Here Is What Climate Change Does to Real Estate

Heat waves, rising sea levels, fire, and drought risks are all believed to be some of the effects of climate change, but it goes far beyond that, as well. On a financial level, real estate prices are impacted dramatically in areas where climate change “believers” reside. Meanwhile, they are higher in other areas (the ones that “deniers” call home). Which side is correct, and who benefits the most financially?

Cheaper Real Estate Is Found in “Believer” Neighborhoods

A study conducted by the UBC Sauder School of Business found that buyers may end up paying much more for a home in an area that is considered to be a climate change “denier” neighborhood.
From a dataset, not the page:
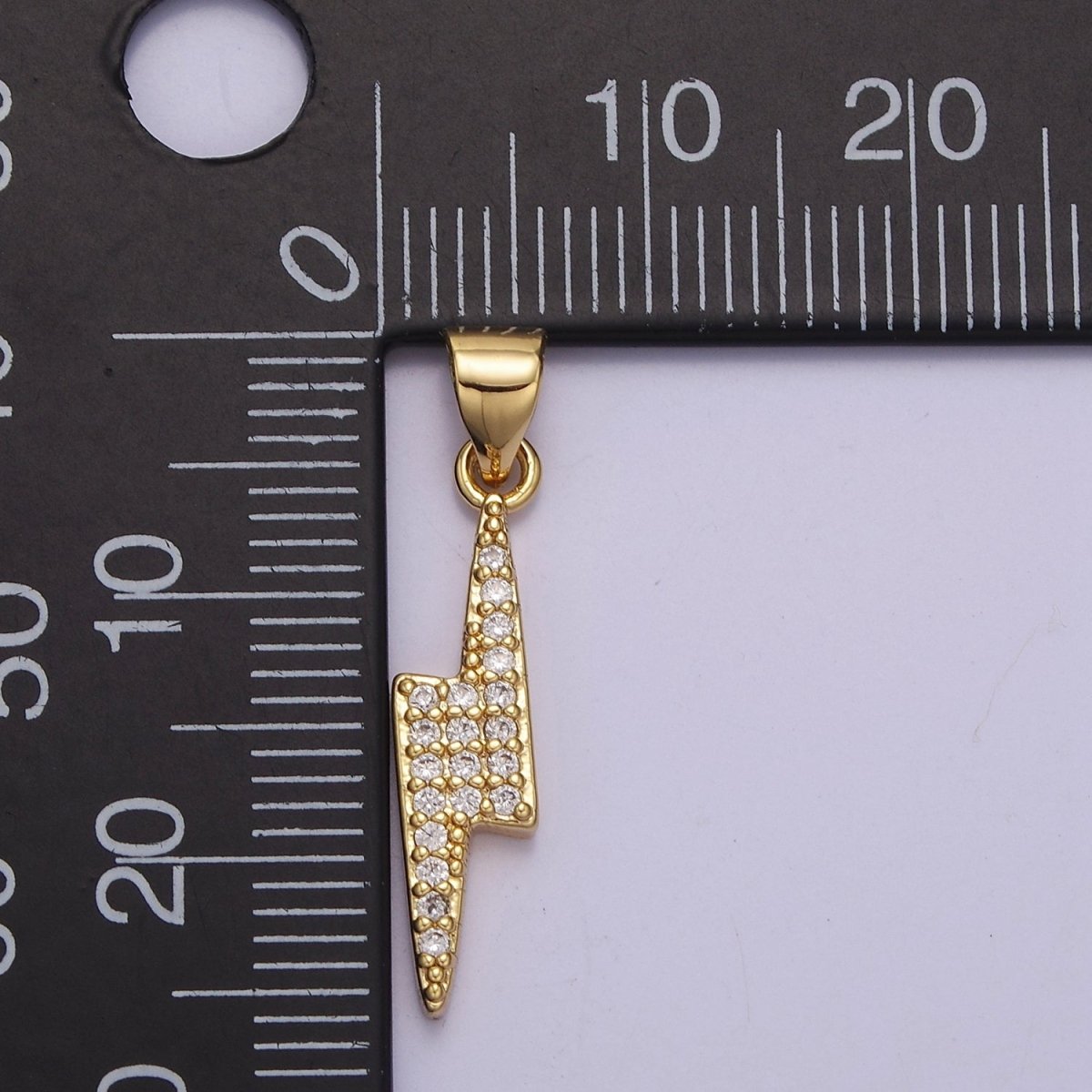 Dainty Pave Lightning Bolt Pendant Charm, Micro Pave Cubic Zirconia CZ Thunder Charm For Jewelry Necklace Making J-345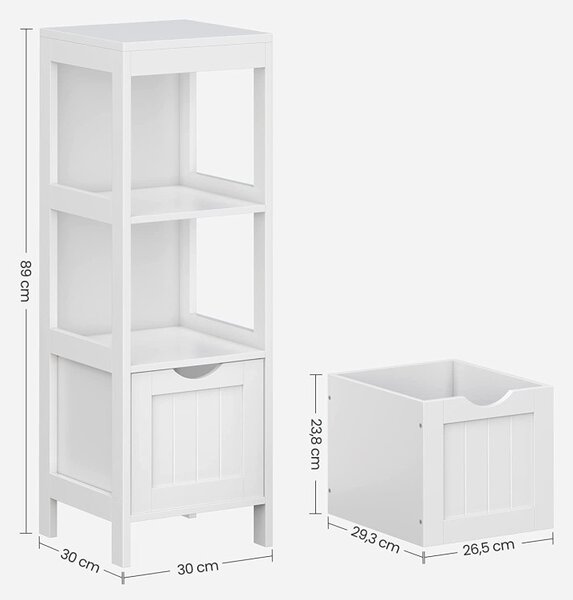 Dulap Vasagle, BBC42WT, Alb, 30 x 89 x 30 cm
After taking a variety of variables into consideration, the researchers found that homes that are projected to be underwater in the future but located in “denier” neighborhoods sell for about 7% more than homes in “believer” areas.

Can Climate Change and Real Estate Prices Be Predicted?

Risk calculation is a considerable part of the real estate business. The problem with climate change predictions is that they rely on growth projections that have no similar past for basis. Ultimately, it comes down to what people choose to believe. As a result, prices in areas that are prone to the effects of climate change will continue to drop for “believers” and become buying opportunities for “deniers.”

How Climate Change Affects Your Real Estate Investment

No matter which side you are on in the climate change debate, there are multiple ways to take advantage of the real estate market. For example, buying beachfront land in neighborhoods where climate change “believers” are a high percentage may prove to be a bad decision, as home prices may continue to drop. However, if you are a climate change “denier,” then this is a golden opportunity to snatch up premium waterfront land at a cheap rate.